Voilà donc à quelle cible marketing Unity s'adresse. Et a ce titre, bien que jeune et souffrant de quelques défauts, force est de reconnaitre qu'il est plutôt réussi.

Hélas, si vous êtes comme moi :

  • adepte des raccourcis clavier combinés à la souris trois boutons et du drag'n drop,
  • équipé d'un grand écran (24" et +, 1920x1200 et +) et rêvant d'acheter un 30" en 2560x1680,
  • utilisant au quotidien les 4 bureaux de Gnome (ou +) pour y répartir une trentaine de fenêtres de presque autant d'applications,
  • fonctionnant en multi-tâche et ayant besoin d'avoir tout sous les yeux simultanément.

Hé bien, il faut commencer à chercher une alternative à un Gnome 2 vieillissant, qui ne sera probablement pas Gnome 3[2], et certainement pas Unity.

J'en suis là; j'ai déjà testé :

  • Xubuntu : xfce à un petit air de Gnome qui me plait bien, et je ne m'éloignerais pas trop d'Ubuntu, mais il reste des traces des adaptations faites pour Unity,
  • CrunchBang : basée sur Debian, ce qui en fait tout l'attrait, et utilisant Openbox, axé sur l'efficacité (et même un peu spartiate); xfce est aussi disponible.

Je passe beaucoup de temps sur Distrowatch, et les machines virtuelles de test s'accumulent au fond de mon disque.

Mais je ne suis pas seul, de nombreuses personnes font face au même problème d'avoir à (re)découvrir des distributions auxquelles ils n'accordaient plus d'attention. C'est un peu comme chercher de nouvelles chaussures pour remplacer celles dans lesquelles on se sentait si bien, un modèle que bien sûr on ne retrouve plus, mode oblige.

Et c'est la grande force des logiciels libres que de permettre ce brassage d'idées, cette variété d'assemblage, cette innovation; si un besoin existe, une solution apparaitra qui n'aura pas d'autre obstacle à surmonter que la volonté de le faire.

Notes

[1] Pour rire, dressez la liste des applications que vous lancez au moins une fois par semaine. Dépassez vous la douzaine facilement ?

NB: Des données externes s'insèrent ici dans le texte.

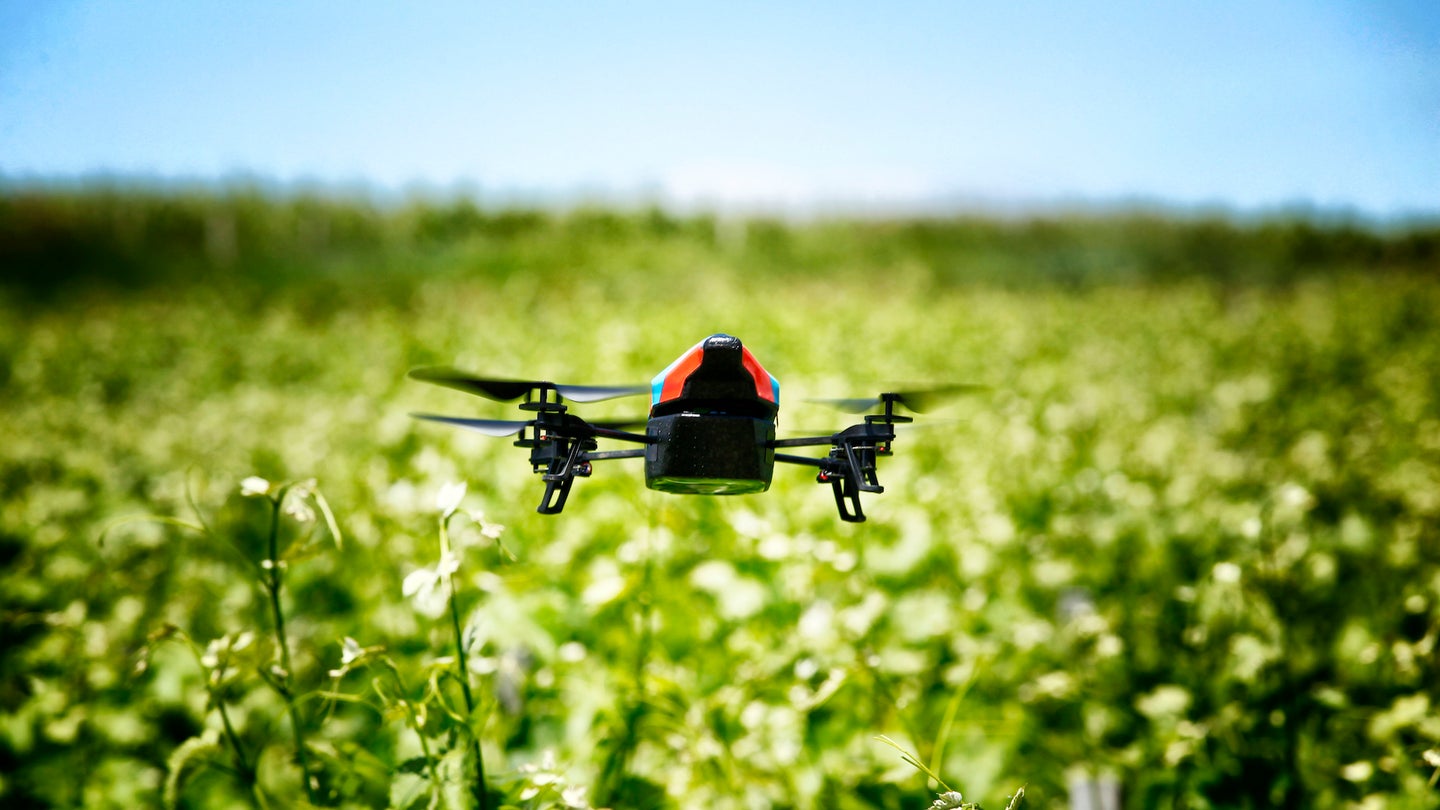 Deveron UAS Acquires Data Analytics Company Veritas for Drone-Centric Smart Farming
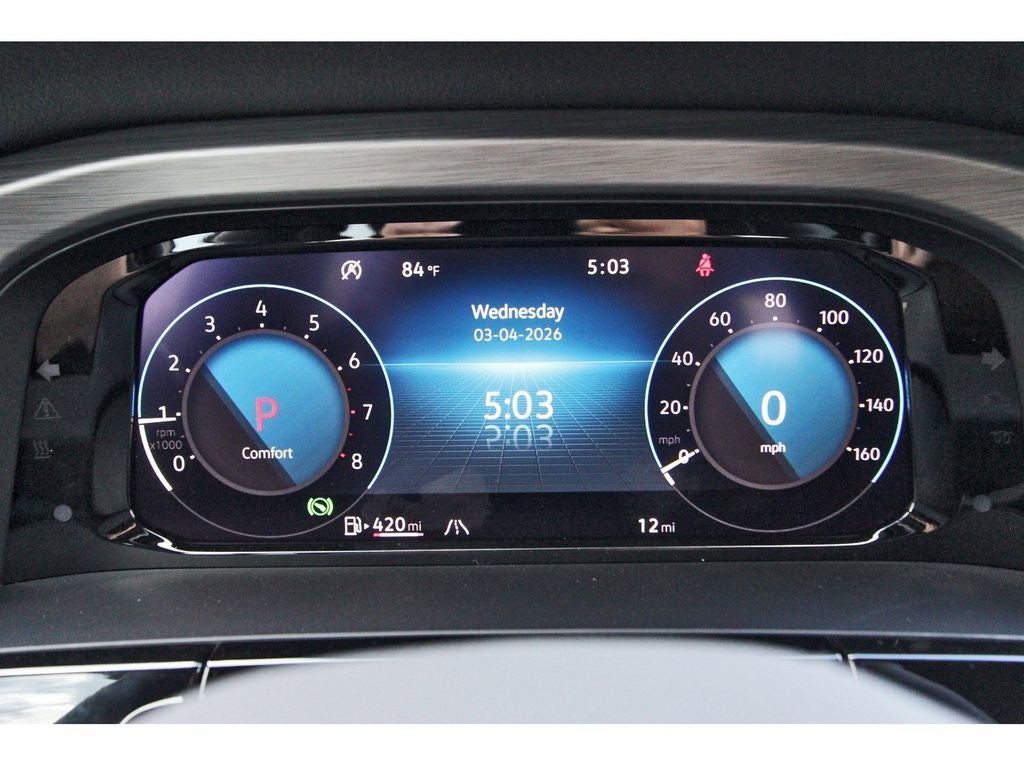 2026 Volkswagen Atlas Cross Sport 2.0T SE w/Technology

[2] Certaines rumeurs font état d'une possible intégration de Gnome 3 au sein de la prochaine Ubuntu, voire de la suivante. Mais là aussi, un virage est pris pour faire évoluer l'interface en direction du grand public qui, s'il est moins flagrant, n'en est pas moins déroutant pour les habitués de la version actuelle.